On Mon, Jun 19, 2017 at 08:22:10AM -0700, Andy Lutomirski wrote:
> On Mon, Jun 19, 2017 at 6:21 AM, Dave Chinner <david@xxxxxxxxxxxxx> wrote:
> > On Sat, Jun 17, 2017 at 10:05:45PM -0700, Andy Lutomirski wrote:
> >> On Sat, Jun 17, 2017 at 8:15 PM, Dan Williams <dan.j.williams@xxxxxxxxx> wrote:
> >> > On Sat, Jun 17, 2017 at 4:50 PM, Andy Lutomirski <luto@xxxxxxxxxx> wrote:
> >> >> My other objection is that the syscall intentionally leaks a reference
> >> >> to the file. This means it needs overflow protection and it probably
> >> >> shouldn't ever be allowed to use it without privilege.
> >> >
> >> > We only hold the one reference while S_DAXFILE is set, so I think the
> >> > protection is there, and per Dave's original proposal this requires
> >> > CAP_LINUX_IMMUTABLE.
> >> >
> >> >> Why can't the underlying issue be easily fixed, though? Could
> >> >> .page_mkwrite just make sure that metadata is synced when the FS uses
> >> >> DAX?
> >> >
> >> > Yes, it most definitely could and that idea has been floated.
> >> >
> >> >> On a DAX fs, syncing metadata should be extremely fast.
> >
> > <sigh>
> >
> > This again....
> >
> > Persistent memory means the *I/O* is fast. It does not mean that
> > *complex filesystem operations* are fast.
> >
> > Don't forget that there's an shitload of CPU that gets burnt to make
> > sure that the metadata is synced correctly. Do that /synchronously/
> > on *every* write page fault (which, BTW, modify mtime, so will
> > always have dirty metadata to sync) and now you have a serious
> > performance problem with your "fast" DAX access method.
>
> I think the mtime issue can and should be solved separately. But it'
> s a fair point that there would be workloads for which this could be
> excessively expensive. In particular, simply creating a file,
> mmapping a large range, and touching the pages one by one -- delalloc
> would be completely defeated.
>
> But here's a strawman for solving both issues. First, mtime. I
> consider it to be either a bug or a misfeature that .page_mkwrite
> *ever* dirties an inode just to update mtime. I have old patches to
> fix this, and those patches could be updated and merged. With them
> applied, there's just a set_bit() in .page_mkwrite() to handle mtime.
>
> https://git.kernel.org/pub/scm/linux/kernel/git/luto/linux.git/log/?h=mmap_mtime/patch_v4

Yup, I remember that - it delays the update to data writeback time,
IOWs the proposed MAP_SYNC page fault semantics result in the same
(poor) behaviour because the sync operation will trigger mtime
updates instead of the page fault.

Unless, of course, you are implying that MAP_SYNC should not
actually sync all known dirty metadata on an inode.

<smacks head on desk>

> Second: syncing extents. Here's a straw man. Forget the mmap() flag.
> Instead add a new msync() operation:
>
> msync(start, length, MSYNC_PMEM_PREPARE_WRITE);

How's this any different from the fallocate command I proposed to do
this (apart from the fact that msync() is not intended to be abused
as a file preallocation/zeroing interface)?

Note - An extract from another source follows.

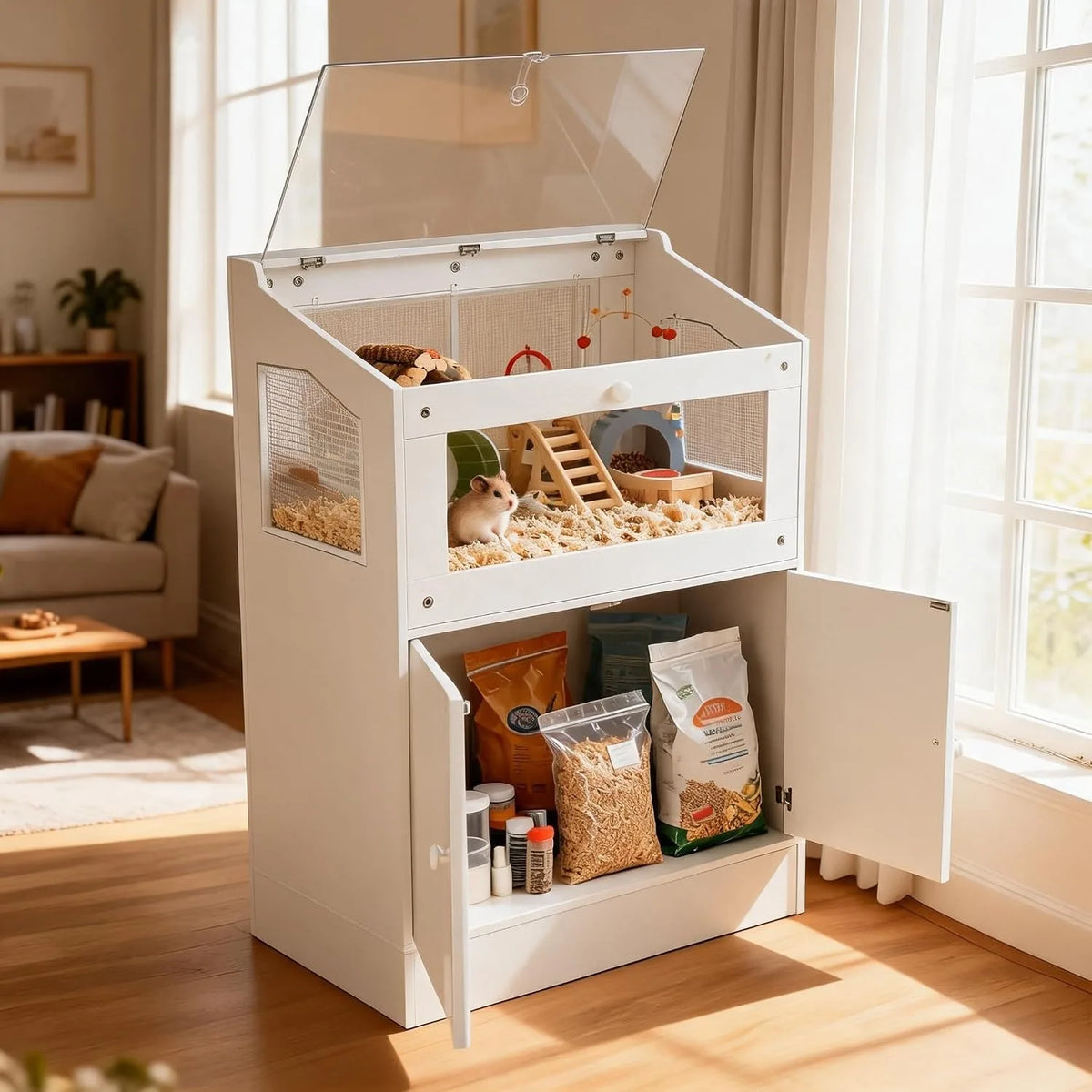 Hamster Habitat With Storage Cabinet And Clear Acrylic Panels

> If this operation succeeds, it guarantees that all future writes
> through this mapping on this range will hit actual storage and that
> all the metadata operations needed to make this write persistent will
> hit storage such that they are ordered before the user's writes.
> As an implementation detail, this will flush out the extents if
> needed. In addition, if the FS has any mechanism that would cause
> problems asyncronously later on (dedupe? deallocated extents full
> of zeros? defrag?),

Hole punch, truncate, reflink, dedupe, snapshots, scrubbing and
other background filesystem maintenance operations, etc can all
change the extent layout asynchronously if there's no mechanism to
tell the fs not to modify the inode extent layout.

> it may also need to set a flag on the VMA
> that changes the behavior of future .page_mkwrite operations.
>
> (On x86, for example, this would permit the FS to do WC/streaming
> writes without SFENCE if the FS were structured in a way that this
> worked.)
>
> Now we have an API that should work going forward without
> introducing baggage. And XFS is free to implement this API by
> making the entire file act like a swap file if XFS wants to do so,
> but this doesn't force other filesystems (ext4? NOVA?) to do the
> same thing.

Sure, you are providing a simple programmatic API, but this does not
provide a viable feature management strategy.

i.e. the API you are now proposing requires the filesystem to ensure
an inode's extent map cannot be modified ever again in the future
(that "guarantees all future writes" bit). This requires, at
minimum, a persistent flag to be set on the inode so the VFS and
filesystem implementations can use it to prevent anything that, for
example, relies on copy-on-write semantics being done on those
files. That means the proposed msync operation will need to check
the filesystem can support this feature and *fail* if it can't.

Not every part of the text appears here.